--- What to work on ---
Reproduce the material below only from the line with "tolstyy-barin-4-183518" to the line with "Natürliche Botanik /", both included, keeping each line exact and dropping the pictures.

--- Provided records ---

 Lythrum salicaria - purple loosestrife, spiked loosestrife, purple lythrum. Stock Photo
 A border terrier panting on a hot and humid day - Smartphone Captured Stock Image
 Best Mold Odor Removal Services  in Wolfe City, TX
==
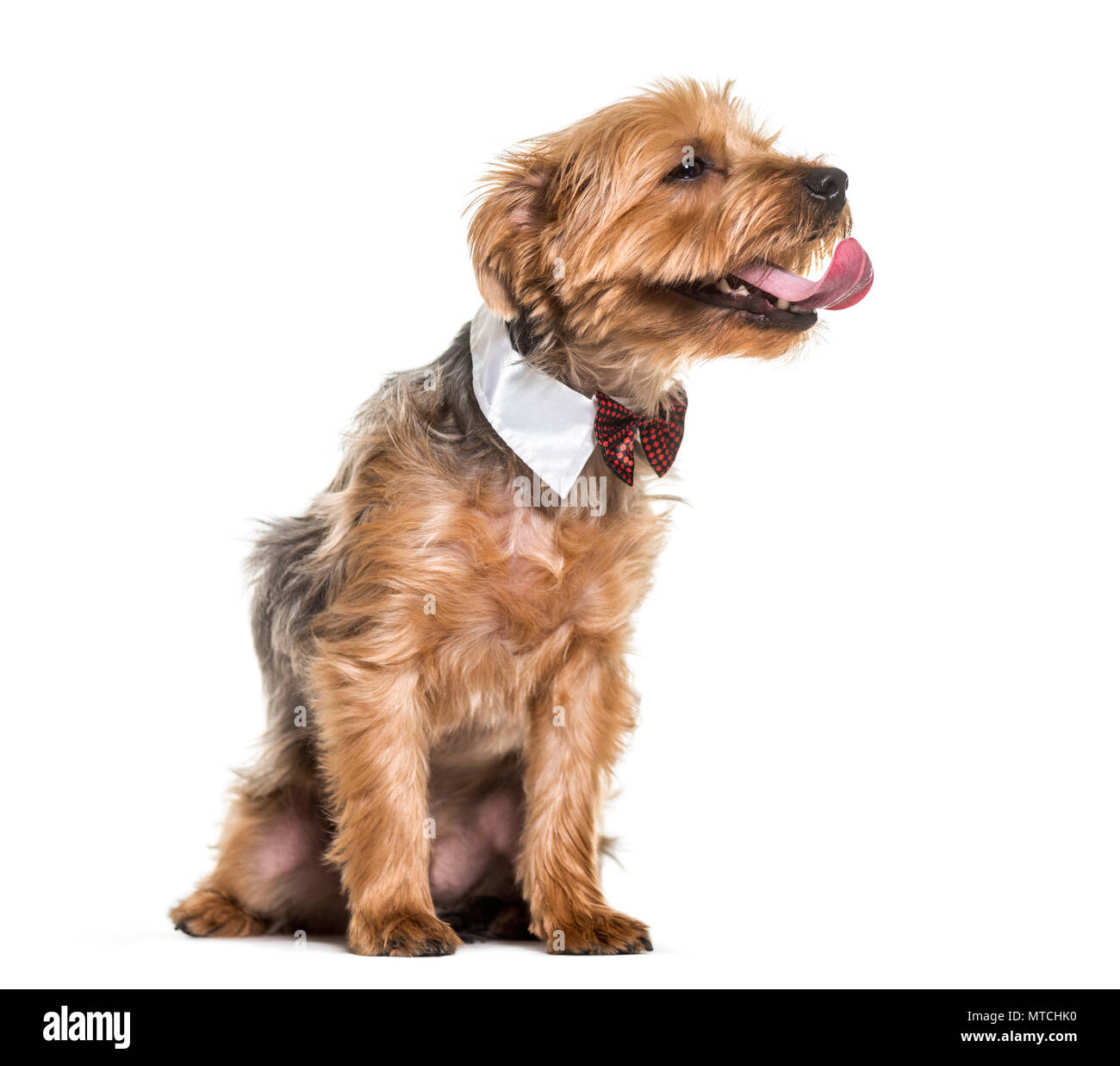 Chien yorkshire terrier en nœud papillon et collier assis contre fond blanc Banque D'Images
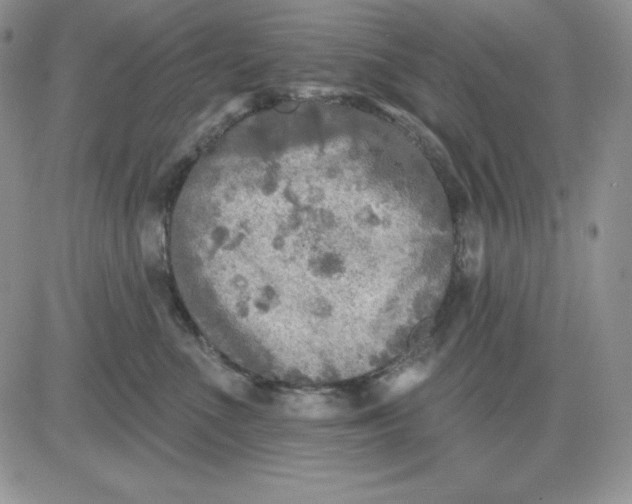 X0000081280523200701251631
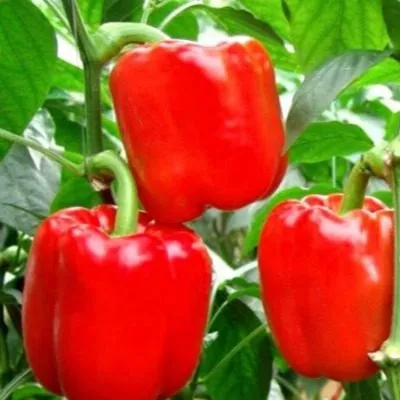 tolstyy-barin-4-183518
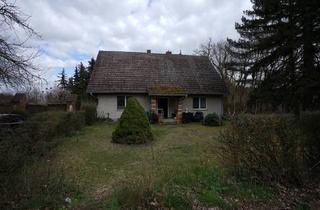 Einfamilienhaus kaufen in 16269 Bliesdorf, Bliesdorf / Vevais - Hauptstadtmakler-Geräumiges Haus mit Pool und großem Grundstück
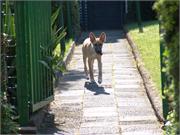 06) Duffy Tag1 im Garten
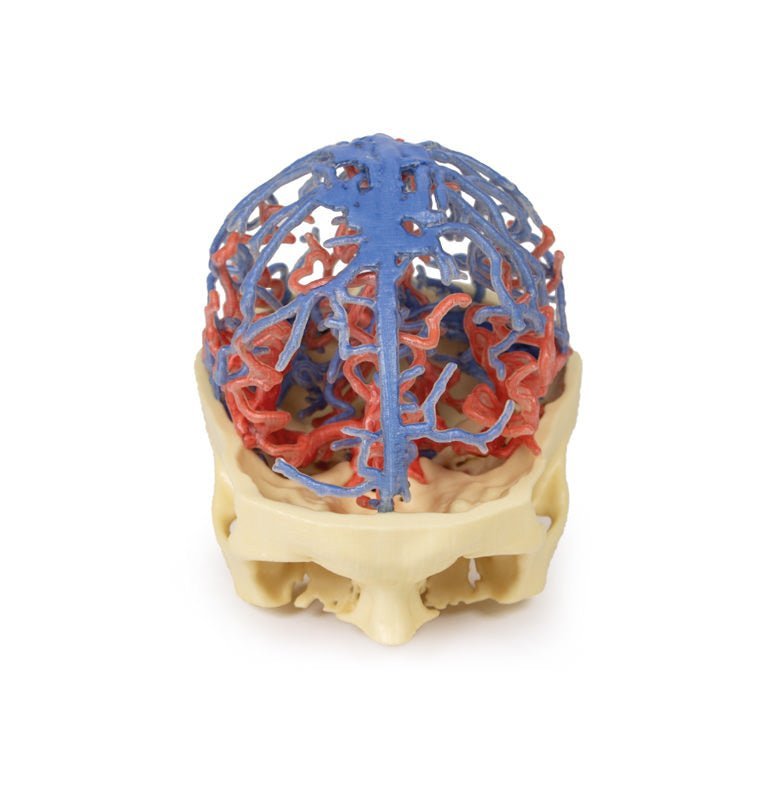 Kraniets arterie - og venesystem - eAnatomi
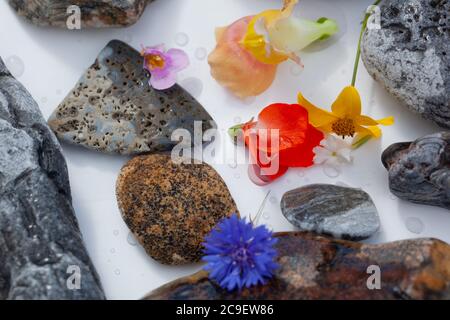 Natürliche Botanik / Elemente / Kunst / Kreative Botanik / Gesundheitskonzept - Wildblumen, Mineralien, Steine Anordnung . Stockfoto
==
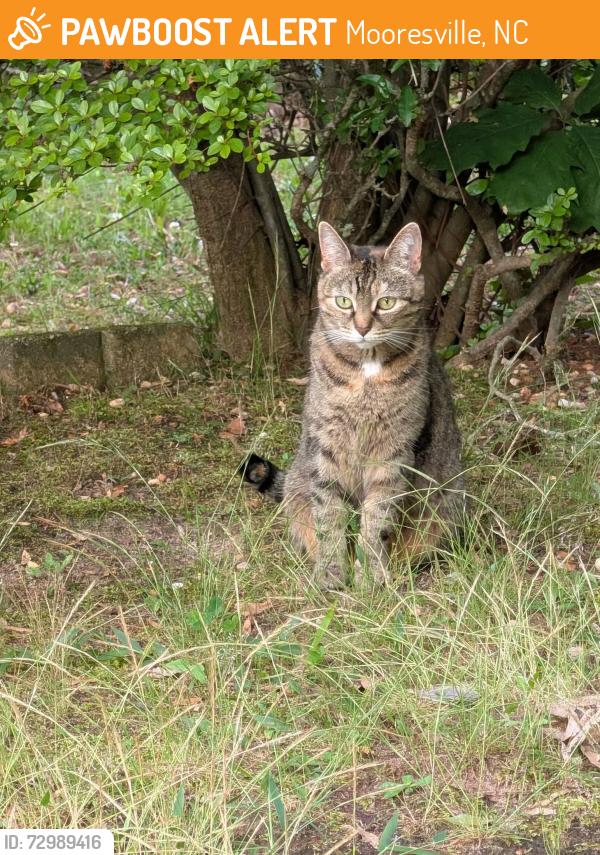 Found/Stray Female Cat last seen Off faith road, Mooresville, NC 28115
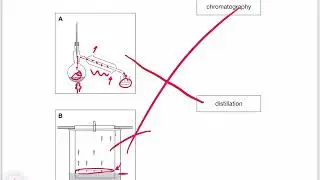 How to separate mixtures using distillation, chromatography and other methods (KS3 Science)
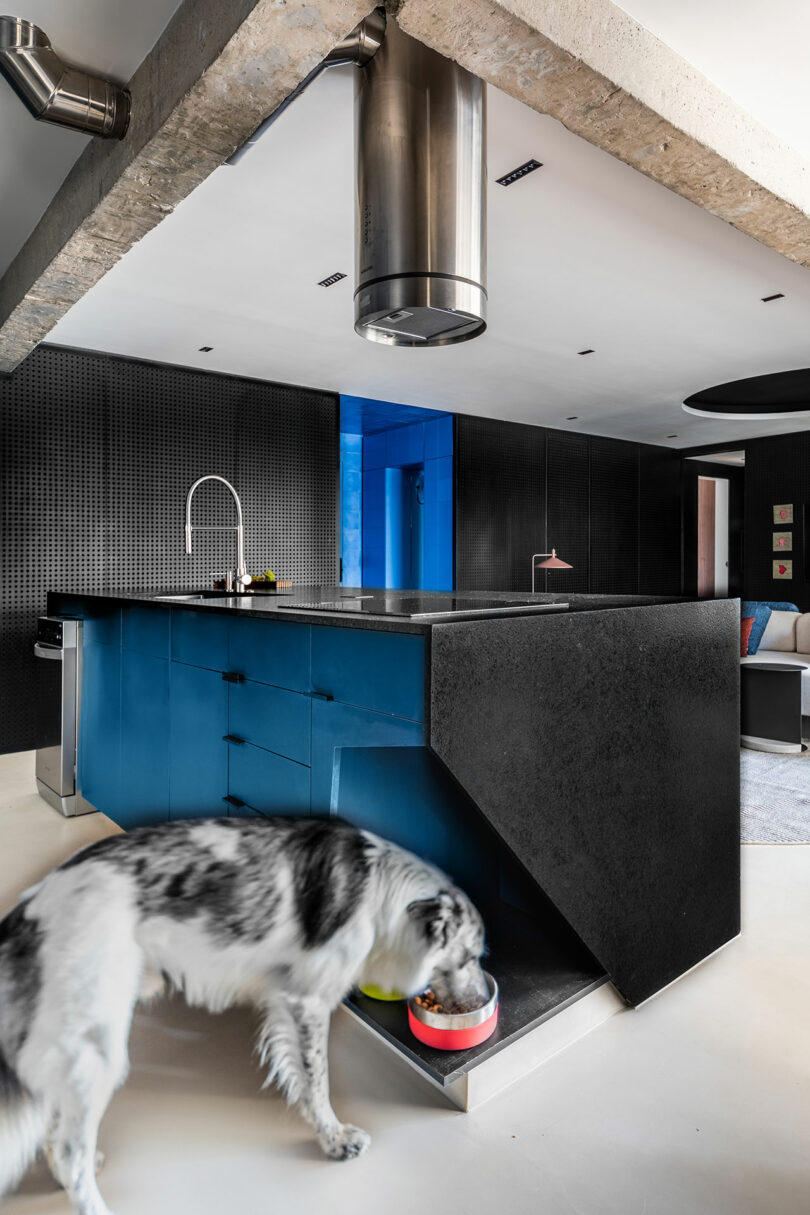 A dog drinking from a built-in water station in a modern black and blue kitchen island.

--- Exercise result ---
 tolstyy-barin-4-183518
 Einfamilienhaus kaufen in 16269 Bliesdorf, Bliesdorf / Vevais - Hauptstadtmakler-Geräumiges Haus mit Pool und großem Grundstück
 06) Duffy Tag1 im Garten
 Kraniets arterie - og venesystem - eAnatomi
 Natürliche Botanik / Elemente / Kunst / Kreative Botanik / Gesundheitskonzept - Wildblumen, Mineralien, Steine Anordnung . Stockfoto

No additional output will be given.